You have been doing SEO for a long time, people know that now from the introduction that I have done for you, it’s really easy for people to get confused with SEO. Because I have listened to multiple podcast and YouTube videos, read blog posts *hint* *hint* *nudge* *nudge* we are going to put one out soon and will be linked in the show notes as well. We will talk about that shortly Rad. Read things and get confused and try a million different things and they get very very technical, talk to me about that how can people ease their mind when it comes to SEO and how can we simplify and understand I guess the 80 20 I guess?

Rad Paluszak:

Yeah, I mean absolutely and I feel sorry for folks who are just trying out for SEO or buying their first website and then they suddenly have to go for this absolutely. Rush course of you know everything to deal with digital marketing and SEO that’s terrible. I don’t know if it was better, I was just starting out or worse for myself, but all these materials that area available now they weren’t then so there was a lot of trial and error and practical stuff that I had to just go for and figure out myself and I think that saved me on one hand from following some advice that might not have been the best for me at the time.

On the other hand, that just helped to gain that practical knowledge, experience and feel of digital marketing SEO but something I would definitely say to someone who is just starting out or someone who has been playing around with digital marketing SEO let’s say up to a year more or less experience that even though we tend to overcomplicate things, in essence SEO is just three main things and I know its going to sound like something every one is saying but it really is just those three main things; its content, links and technical stuff. And all of these three things have their upside and downside so let’s go for them one by one.

When it comes to content, content is great because you have full control of your content on your website so you can access it, you change it, you can go through it, you have full access to it and it’s under your control. However, the difficulty with that is especially if you have a content heavy website or full content website is you are talking 200-300 blog posts so that is a lot of content to go through touch wood.

Jaryd Krause:

That’s a lot of content to go through to control, to update and maintain.

Rad Paluszak:

Yeah exactly. Your site is affected with something like helpful content update that Google has been realizing more and more recently. First of all this update affects the entire site as a whole, we say it is affecting at a site wide level and secondly google said just barely today when we are recording at least Gary Illyes said something that this update penalizes you but even though you may have fixed what this update has penalized you for, this update or algorithm is going to wait to give your site a trial period or like a grace period in case you are going to miss the same thing up again.

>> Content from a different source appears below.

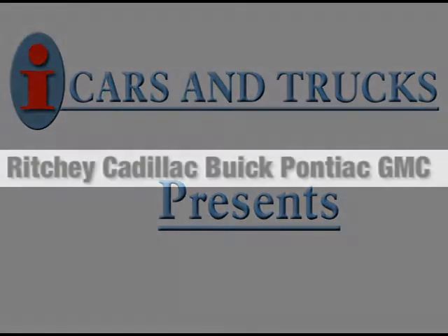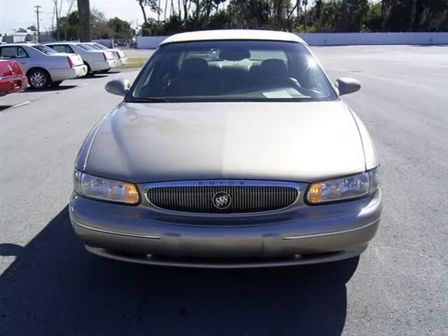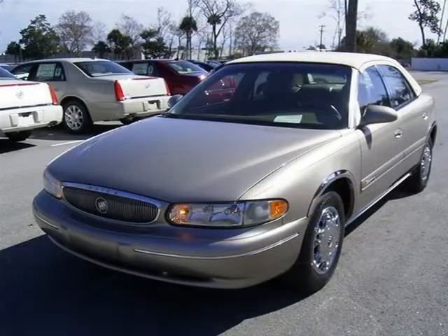This 2001 Buick Century Sedan is located in Daytona Beach and has 68,606 miles on it. This sedan has a beautiful light sand-riff metallic exterior paint color which is complemented by a taupe leather interior color.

How they explained it is they look at the site, the site did something dodgy, and may be it was a mistake or may be it wasn’t so what if it penalized it and the site fixed it and then the site does it again so it would be all the time cat and mouse playing catch up or something, google with the web master and getting penalized reverting, getting penalized and reverting so what google is doing it will penalize you for a longer period of time even after you fixed it. So this is pretty bad and as we know at least most of the SEOs will agree with me and are suspecting this update is mainly focusing on your content so obviously you are not only talking about a lot of stuff to go through on your own website and even though you did that and fixed everything, you may still not have recovered because is just testing you because they can.

Jaryd Krause:

I wanted to touch on that quickly because a lot of SEOs or want to be SEOs do is they do try to play a cat and mouse game and they try to play the game against google and try and find a shortcut and do it in a cheaper and easier way and have it not detected by google. The google is just going to get smarter and smarter and that protecting it so people are really wasting their time and energy not doing what google is going to want for the long term and have some ideologies around what is going to be the best way to use and best for google long term anyway rather than play that cat and mouse game.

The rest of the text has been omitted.